Kevin Drum has excised another section of the now-famous leaked fundraiser video, and this time the GOP challenger is holding forth on quantitative easing and other subjects. Drum picks on Romney’s specific claim that the government is buying three-quarters of US treasury debt, but there’s something in this quotation that’s more fundamentally off:
We’re living in this borrowed fantasy world, where the government keeps on borrowing money. You know, we borrow this extra trillion a year, we wonder who’s loaning us the trillion? The Chinese aren’t loaning us anymore. The Russians aren’t loaning it to us anymore. So who’s giving us the trillion? And the answer is we’re just making it up. The Federal Reserve is just taking it and saying, “Here, we’re giving it.” It’s just made up money, and this does not augur well for our economic future.
The problem here is that Romney’s “fantasy” world, in which the government “makes up” money, is just a roughly accurate description of fiat money. And if you’re rooting around in the text of Obama’s American Recovery and Reinvestment Act for the dastardly provision that created this new “feeyat” money thing, don’t waste your time—it’s been around for a long, long time. If you’re interested in the actual history of money, as opposed to the “we used to have real money before January 2009″ version, this working paper gives a nice rundown of the anthropological and historical material and lays out the economic policy upshot.

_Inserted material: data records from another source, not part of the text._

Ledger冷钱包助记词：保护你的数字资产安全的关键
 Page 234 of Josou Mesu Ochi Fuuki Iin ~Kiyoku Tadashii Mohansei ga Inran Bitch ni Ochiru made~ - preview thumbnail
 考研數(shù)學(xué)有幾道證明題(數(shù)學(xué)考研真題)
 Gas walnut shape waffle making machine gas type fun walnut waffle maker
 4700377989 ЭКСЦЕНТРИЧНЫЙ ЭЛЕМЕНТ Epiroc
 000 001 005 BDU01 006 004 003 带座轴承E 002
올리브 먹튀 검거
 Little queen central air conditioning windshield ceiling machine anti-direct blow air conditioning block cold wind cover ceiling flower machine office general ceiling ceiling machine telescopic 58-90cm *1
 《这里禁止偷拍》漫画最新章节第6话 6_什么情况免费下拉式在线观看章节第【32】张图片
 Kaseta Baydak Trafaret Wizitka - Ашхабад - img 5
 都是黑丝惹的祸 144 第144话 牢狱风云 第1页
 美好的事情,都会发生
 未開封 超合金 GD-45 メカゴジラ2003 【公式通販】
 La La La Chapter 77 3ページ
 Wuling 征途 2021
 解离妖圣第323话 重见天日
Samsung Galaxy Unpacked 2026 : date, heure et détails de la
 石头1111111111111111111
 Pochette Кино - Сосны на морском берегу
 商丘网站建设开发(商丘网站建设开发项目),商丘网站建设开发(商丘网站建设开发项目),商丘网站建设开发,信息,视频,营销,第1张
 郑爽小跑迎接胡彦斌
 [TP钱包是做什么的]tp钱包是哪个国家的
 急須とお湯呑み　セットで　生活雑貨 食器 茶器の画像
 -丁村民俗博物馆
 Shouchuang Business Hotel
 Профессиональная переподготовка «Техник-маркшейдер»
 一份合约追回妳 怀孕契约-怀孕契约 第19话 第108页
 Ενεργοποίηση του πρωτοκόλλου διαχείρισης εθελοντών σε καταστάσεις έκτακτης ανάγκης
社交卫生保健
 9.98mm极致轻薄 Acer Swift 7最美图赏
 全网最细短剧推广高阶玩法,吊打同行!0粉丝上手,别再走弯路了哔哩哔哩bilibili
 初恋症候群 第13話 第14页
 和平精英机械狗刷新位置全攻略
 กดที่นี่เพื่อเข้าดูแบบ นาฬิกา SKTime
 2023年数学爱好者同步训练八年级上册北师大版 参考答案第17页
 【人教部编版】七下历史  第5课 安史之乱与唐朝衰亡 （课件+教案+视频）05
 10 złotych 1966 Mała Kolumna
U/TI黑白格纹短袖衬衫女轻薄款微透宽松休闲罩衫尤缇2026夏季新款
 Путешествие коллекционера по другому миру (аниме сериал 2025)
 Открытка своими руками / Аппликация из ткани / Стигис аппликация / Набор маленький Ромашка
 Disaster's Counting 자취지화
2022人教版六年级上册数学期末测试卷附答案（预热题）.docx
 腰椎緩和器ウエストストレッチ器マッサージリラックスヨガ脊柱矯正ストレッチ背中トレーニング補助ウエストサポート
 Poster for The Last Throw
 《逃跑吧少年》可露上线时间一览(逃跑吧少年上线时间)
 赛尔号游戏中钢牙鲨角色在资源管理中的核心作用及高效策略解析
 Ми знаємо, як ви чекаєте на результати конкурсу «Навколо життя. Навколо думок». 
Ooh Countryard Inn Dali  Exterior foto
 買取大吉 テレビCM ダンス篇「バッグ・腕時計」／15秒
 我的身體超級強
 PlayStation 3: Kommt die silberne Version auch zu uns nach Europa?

Whether it’s buying three-quarters of new treasury debt or a tiny fraction, the Fed is always using “made up money.” And in theory (which is to say, aside from the various legal obstacles placed in its way), the Fed can buy as much US treasury debt as it wants, because it can never exhaust its ability to “make up” more money. Don’t believe me? Ask Alan Greenspan:
To the extent that there’s a real policy limit to this, it’s not that the Fed will somehow run out of money, but that at some point, when the economy is closer to running at full capacity, buying US debt to keep interest rates low could lead to inflation. But inflation, for now and the near future, just isn’t a significant problem. (On the contrary, the current challenge is to figure out how to get more of it.)
There are plenty of things to worry about in our current economic situation. Unemployment would be pretty close to the top of the list. Fiat money should not be.